### [Extracted information]
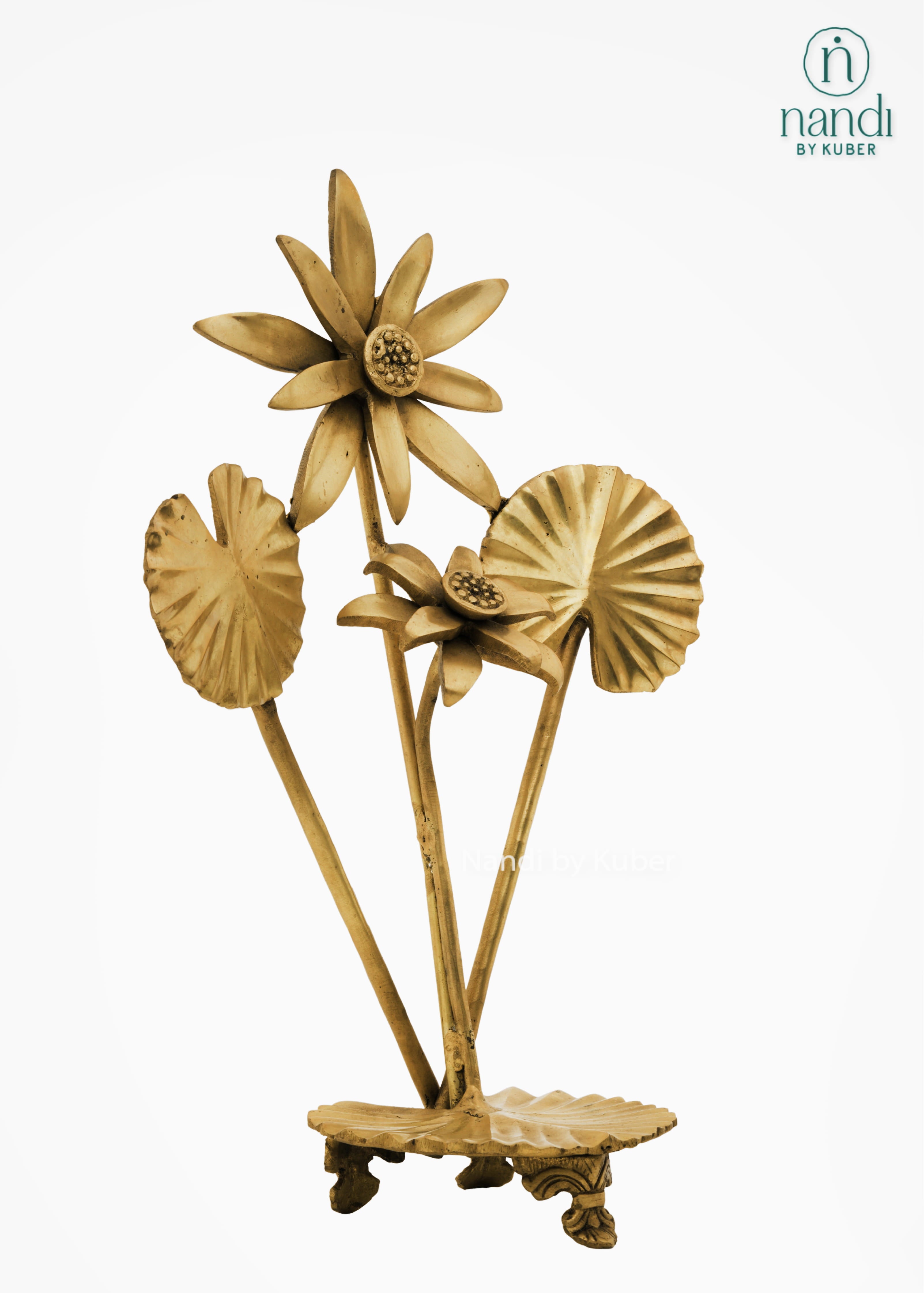 Brass flower stand decorative showpiece
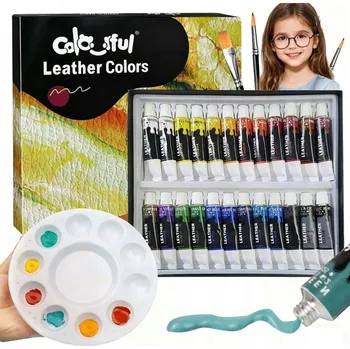 Speciální výtvarná barva Akrylové Barvy Sada Akrylových Barev v Tubách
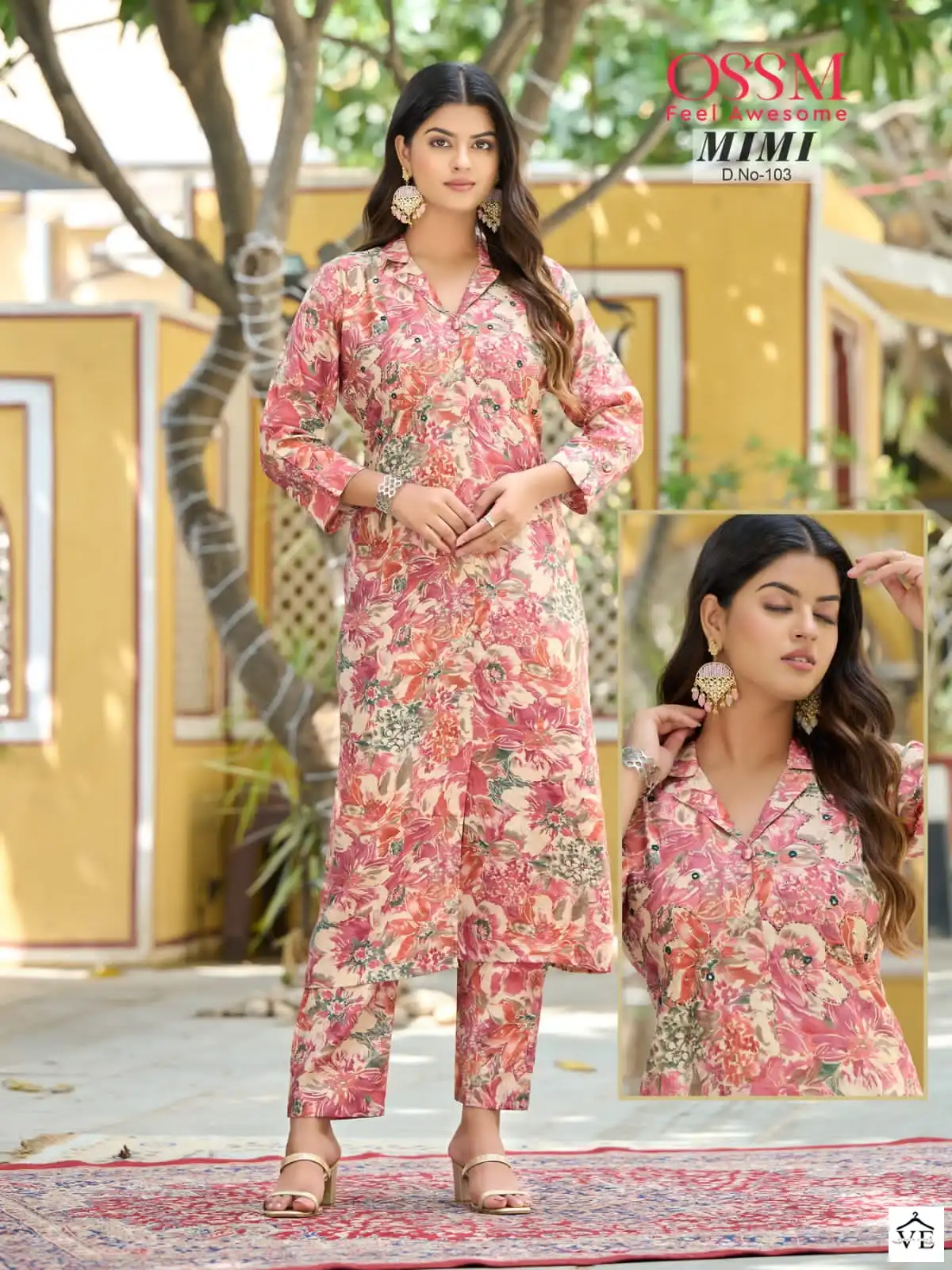Ossm Mimi Premium Modal Chanderi Print Wholesale Designer Kurti With Pant Catalog — Wholesale Kurtis, MPA wholesale from Surat - Gallery Image 3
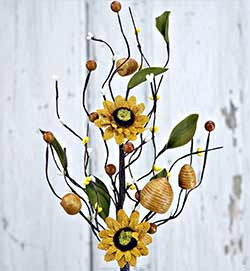 Sunflower & Beehive Floral Spray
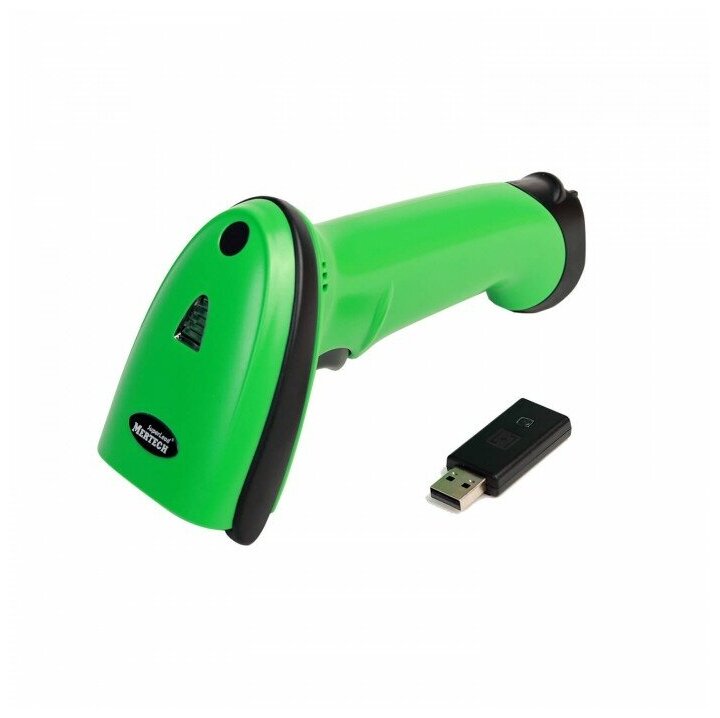 Беспроводной сканер штрих кода MERTECH CL-2200 BLE Dongle P2D USB green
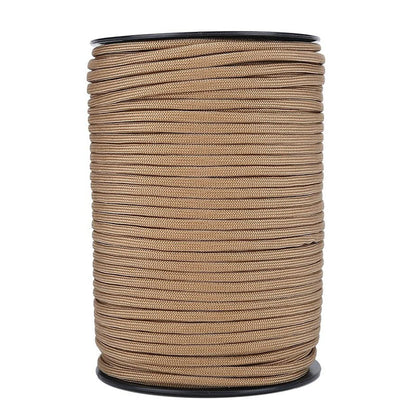 7-core 4mm umbrella rope polypropylene fiber multi-function mountaineering paratrooper traction rope life-saving equipment fixed safety umbrella rope
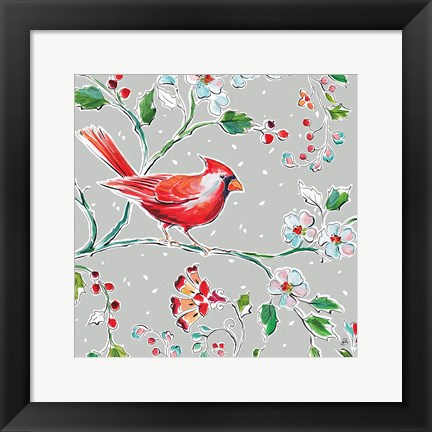 Framed Holiday Wings III Print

### [Directions for this task]
Only the records are wanted, copied exactly, with the pictures dropped.

### [Result below]
 Brass flower stand decorative showpiece
 Speciální výtvarná barva Akrylové Barvy Sada Akrylových Barev v Tubách
Ossm Mimi Premium Modal Chanderi Print Wholesale Designer Kurti With Pant Catalog — Wholesale Kurtis, MPA wholesale from Surat - Gallery Image 3
 Sunflower & Beehive Floral Spray
 Беспроводной сканер штрих кода MERTECH CL-2200 BLE Dongle P2D USB green
 7-core 4mm umbrella rope polypropylene fiber multi-function mountaineering paratrooper traction rope life-saving equipment fixed safety umbrella rope
 Framed Holiday Wings III Print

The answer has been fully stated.